▶ _SOURCE MATERIAL_
════════
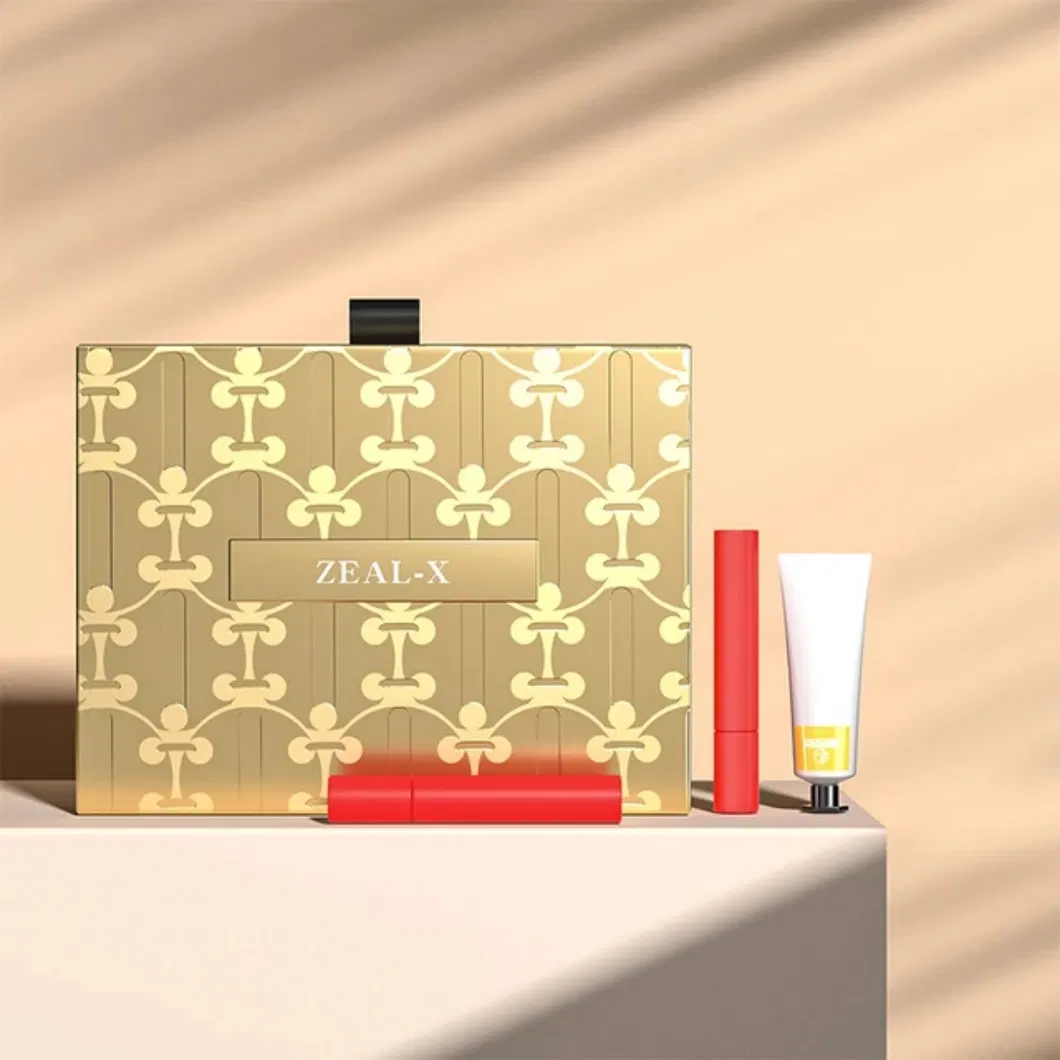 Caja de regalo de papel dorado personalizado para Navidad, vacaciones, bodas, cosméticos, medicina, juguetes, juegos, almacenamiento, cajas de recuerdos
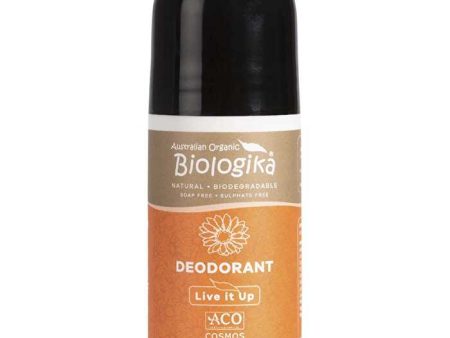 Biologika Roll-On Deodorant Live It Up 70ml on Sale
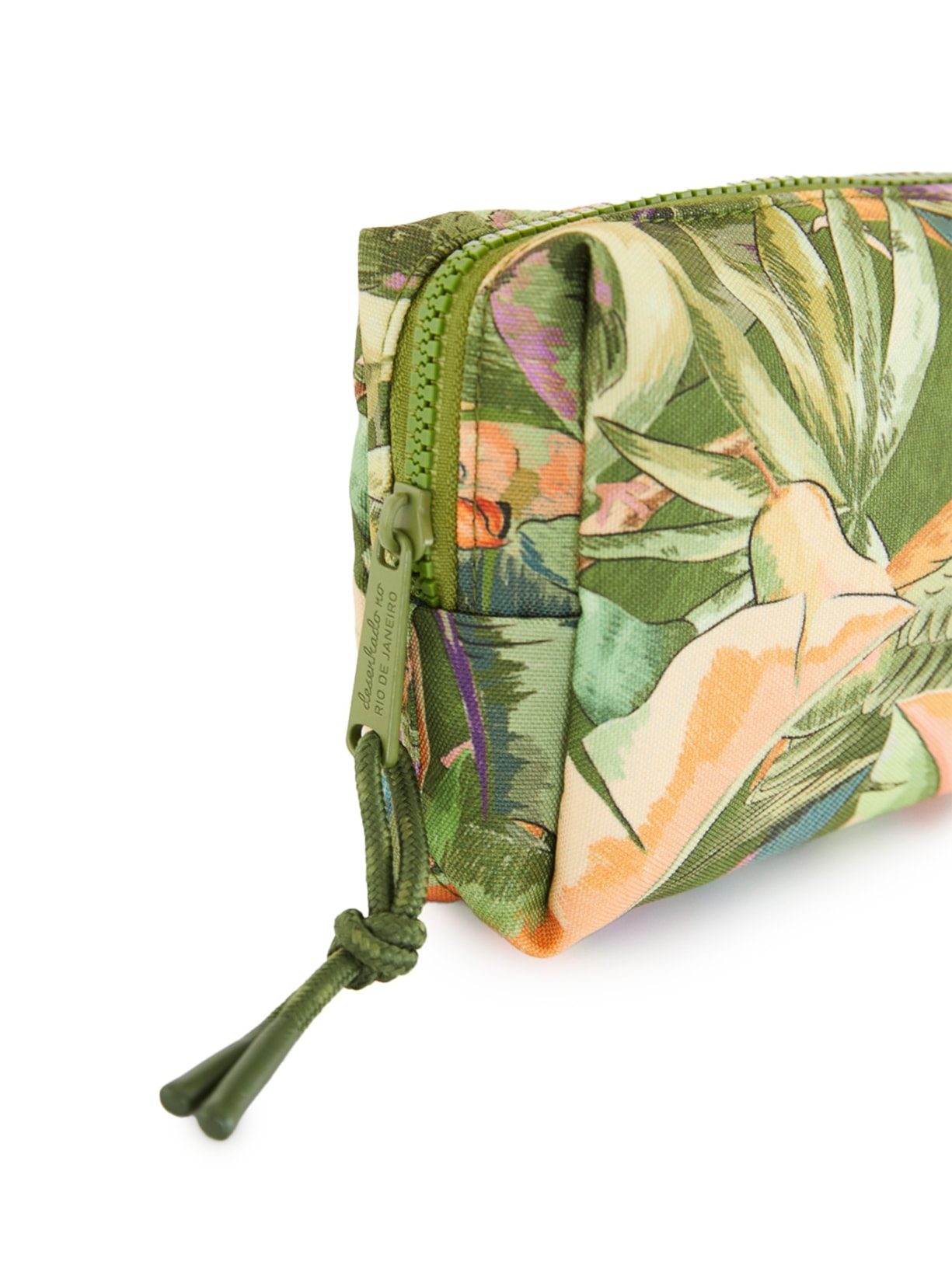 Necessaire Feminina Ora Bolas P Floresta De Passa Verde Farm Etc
════════
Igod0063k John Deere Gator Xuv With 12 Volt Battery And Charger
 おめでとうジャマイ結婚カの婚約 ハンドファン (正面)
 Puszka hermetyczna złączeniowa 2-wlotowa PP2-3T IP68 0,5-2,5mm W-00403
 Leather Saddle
════════
▶ _REQUIRED ACTION_
Within the listing above, print exactly the stretch beginning at the line that contains "Caja de regalo" and finishing at the line that contains "Necessaire Feminina Ora", ends kept, pictures left out, and nothing more.

▶ _YOUR SOLUTION_
 Caja de regalo de papel dorado personalizado para Navidad, vacaciones, bodas, cosméticos, medicina, juguetes, juegos, almacenamiento, cajas de recuerdos
 Biologika Roll-On Deodorant Live It Up 70ml on Sale
 Necessaire Feminina Ora Bolas P Floresta De Passa Verde Farm Etc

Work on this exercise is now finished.